A lógica destrutiva de Bannon pode explicar boa parte do sucesso que colhe até agora o pré-candidato a presidente da República Jair Bolsonaro. Seus slogans são simplistas e também dão vazão a uma carga de ódio acumulada: armar os cidadãos e aumentar drasticamente as punições criminais, por exemplo, não constam como políticas de segurança pública, mas tocam em cheio no medo da criminalidade que aflige os brasileiros.

Porém, existe um consenso de que Bolsonaro não será capaz de se eleger com base apenas na manipulação do medo da população. Aparentemente, o próprio Bolsonaro concorda com essa avaliação: em sua recente incursão por meios de comunicação, o ex-militar tem mostrado um perfil diferente do que vinha adotando até aqui, e esse deve ser um sinal de preocupação para seus futuros adversários.

É claro que ainda há temas sobre os quais o pré-candidato indica pouco conhecimento, mas é evidente que, em outras áreas, o aconselhamento que recebe vem mostrando resultado. Por exemplo, o discurso contrário à minoria LGBT agora foi substituído por um alegado respeito à forma como “os adultos” escolhem viver suas vidas. Essa condicionante etária serve para introduzir o novo alvo de Bolsonaro: a defesa das crianças contra a influência desvirtuante da chamada “ideologia de gênero”, presente em muitas escolas. Assim, o tema da sexualidade permanece em pauta, atiçando o rancor coletivo contra as diferenças, porém não se pode mais imputar a Bolsonaro a discriminação propriamente dita.

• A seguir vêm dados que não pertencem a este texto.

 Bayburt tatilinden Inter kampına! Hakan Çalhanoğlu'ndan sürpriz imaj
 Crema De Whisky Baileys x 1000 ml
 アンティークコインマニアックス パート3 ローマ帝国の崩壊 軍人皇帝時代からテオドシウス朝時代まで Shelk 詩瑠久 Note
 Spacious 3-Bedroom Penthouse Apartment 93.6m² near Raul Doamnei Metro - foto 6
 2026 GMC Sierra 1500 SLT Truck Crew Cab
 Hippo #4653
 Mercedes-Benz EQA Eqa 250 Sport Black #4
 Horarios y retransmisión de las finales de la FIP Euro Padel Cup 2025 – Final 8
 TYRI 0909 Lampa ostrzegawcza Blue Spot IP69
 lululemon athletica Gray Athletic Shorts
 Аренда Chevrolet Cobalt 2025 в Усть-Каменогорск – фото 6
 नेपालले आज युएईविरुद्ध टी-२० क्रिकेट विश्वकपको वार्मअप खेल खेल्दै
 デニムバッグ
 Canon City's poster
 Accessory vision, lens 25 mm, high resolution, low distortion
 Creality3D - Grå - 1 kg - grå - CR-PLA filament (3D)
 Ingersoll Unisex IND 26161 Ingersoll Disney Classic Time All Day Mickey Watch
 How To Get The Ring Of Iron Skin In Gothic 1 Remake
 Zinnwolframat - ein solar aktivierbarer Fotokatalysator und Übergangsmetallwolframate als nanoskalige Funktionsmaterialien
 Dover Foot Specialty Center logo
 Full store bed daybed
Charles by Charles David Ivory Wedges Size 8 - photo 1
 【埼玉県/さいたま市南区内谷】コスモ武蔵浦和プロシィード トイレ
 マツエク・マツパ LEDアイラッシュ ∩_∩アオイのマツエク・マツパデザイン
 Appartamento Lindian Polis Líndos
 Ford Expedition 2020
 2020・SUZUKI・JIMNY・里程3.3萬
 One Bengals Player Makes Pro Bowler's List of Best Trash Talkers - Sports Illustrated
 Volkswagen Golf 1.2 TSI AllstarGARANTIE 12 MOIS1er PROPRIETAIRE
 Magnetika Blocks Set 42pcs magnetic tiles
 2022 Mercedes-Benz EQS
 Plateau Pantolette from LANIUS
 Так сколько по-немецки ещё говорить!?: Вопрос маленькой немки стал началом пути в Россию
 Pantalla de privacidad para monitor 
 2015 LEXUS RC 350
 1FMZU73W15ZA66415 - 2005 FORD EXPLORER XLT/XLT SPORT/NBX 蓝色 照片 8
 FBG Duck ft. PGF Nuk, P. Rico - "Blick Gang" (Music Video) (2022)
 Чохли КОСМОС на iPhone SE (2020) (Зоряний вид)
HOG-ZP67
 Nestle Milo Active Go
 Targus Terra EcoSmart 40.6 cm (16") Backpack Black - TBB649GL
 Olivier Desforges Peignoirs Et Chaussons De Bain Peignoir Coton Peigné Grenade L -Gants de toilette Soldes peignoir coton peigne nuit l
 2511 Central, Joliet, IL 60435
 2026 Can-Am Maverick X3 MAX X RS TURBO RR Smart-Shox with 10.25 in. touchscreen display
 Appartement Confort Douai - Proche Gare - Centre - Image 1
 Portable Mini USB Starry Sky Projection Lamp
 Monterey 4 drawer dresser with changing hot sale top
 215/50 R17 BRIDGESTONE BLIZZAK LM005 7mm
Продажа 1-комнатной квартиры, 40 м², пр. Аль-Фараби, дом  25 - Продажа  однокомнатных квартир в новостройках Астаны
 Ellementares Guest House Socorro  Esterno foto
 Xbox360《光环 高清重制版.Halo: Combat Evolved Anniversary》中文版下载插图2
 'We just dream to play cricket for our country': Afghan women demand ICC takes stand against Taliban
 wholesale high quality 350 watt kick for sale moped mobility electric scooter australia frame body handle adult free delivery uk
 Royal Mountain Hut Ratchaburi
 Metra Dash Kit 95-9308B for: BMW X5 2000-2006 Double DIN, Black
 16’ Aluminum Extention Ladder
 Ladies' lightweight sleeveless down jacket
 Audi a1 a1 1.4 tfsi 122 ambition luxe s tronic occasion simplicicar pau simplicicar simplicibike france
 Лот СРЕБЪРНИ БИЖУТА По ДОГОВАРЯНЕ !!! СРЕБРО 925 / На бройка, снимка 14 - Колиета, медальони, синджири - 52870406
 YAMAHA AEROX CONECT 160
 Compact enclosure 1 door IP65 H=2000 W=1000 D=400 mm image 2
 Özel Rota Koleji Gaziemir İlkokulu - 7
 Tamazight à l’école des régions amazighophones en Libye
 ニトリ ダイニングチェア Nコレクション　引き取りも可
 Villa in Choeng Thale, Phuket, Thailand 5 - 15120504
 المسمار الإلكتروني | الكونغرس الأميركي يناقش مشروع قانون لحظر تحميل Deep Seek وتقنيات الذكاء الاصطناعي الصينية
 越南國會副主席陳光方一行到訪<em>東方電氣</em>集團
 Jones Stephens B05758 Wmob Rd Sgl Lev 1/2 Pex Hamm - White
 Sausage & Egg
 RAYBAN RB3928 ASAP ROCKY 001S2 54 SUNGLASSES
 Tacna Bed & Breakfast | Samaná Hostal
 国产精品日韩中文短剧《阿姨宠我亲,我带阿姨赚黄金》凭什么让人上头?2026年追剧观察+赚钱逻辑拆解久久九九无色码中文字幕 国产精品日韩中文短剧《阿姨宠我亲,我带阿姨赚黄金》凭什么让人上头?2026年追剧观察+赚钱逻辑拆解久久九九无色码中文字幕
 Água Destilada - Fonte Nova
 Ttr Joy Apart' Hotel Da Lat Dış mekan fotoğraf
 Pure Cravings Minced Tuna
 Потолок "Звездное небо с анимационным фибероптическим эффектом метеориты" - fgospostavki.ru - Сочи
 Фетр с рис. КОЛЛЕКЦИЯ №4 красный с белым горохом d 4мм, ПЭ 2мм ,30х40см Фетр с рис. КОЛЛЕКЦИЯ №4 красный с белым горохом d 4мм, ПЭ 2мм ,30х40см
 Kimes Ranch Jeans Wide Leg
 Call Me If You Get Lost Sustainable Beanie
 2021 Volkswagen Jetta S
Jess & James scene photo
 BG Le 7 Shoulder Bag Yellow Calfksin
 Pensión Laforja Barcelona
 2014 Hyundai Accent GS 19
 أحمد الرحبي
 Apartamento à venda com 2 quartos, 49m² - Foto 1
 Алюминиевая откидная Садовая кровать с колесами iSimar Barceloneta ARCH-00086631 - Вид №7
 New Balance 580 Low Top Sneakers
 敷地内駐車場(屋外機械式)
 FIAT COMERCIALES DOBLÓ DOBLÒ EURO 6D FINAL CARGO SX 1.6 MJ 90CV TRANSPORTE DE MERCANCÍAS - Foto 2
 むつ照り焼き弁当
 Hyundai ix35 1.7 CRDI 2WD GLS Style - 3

Outro ponto no qual Bolsonaro mostrou mudança foi em relação à economia: substituiu o nacionalismo estatista que vinha defendendo até há pouco por um liberalismo raso que elegeu as estatais como vilãs do país. Para além de defender privatizações, Bolsonaro não arrisca outro palpite senão fazer referência a Paulo Guedes, economista que atua como seu conselheiro. Mesmo ainda longe de concluir seu curso particular de economia, o aluno Bolsonaro já mostra alguns lampejos da sabedoria recém-adquirida: propôs a descentralização para as prefeituras dos recursos da habitação, historicamente concentrados no governo federal.

A relação com o Legislativo, por sua vez, é uma das áreas ainda frágeis no discurso de propostas que Bolsonaro busca construir: considera que o eleitor brasileiro vai renovar profundamente o Congresso e, portanto, em um eventual governo seu, Bolsonaro obteria com facilidade apoio legislativo para as propostas que fizesse. Essa conjunção de hipóteses pouco prováveis, com a qual Bolsonaro conta para governar, indica o quão vulnerável ainda é o pré-candidato em seu raciocínio político.

Construindo-se como candidato diante de todos, Bolsonaro indica que será mais do que um clone tropical de Donald Trump.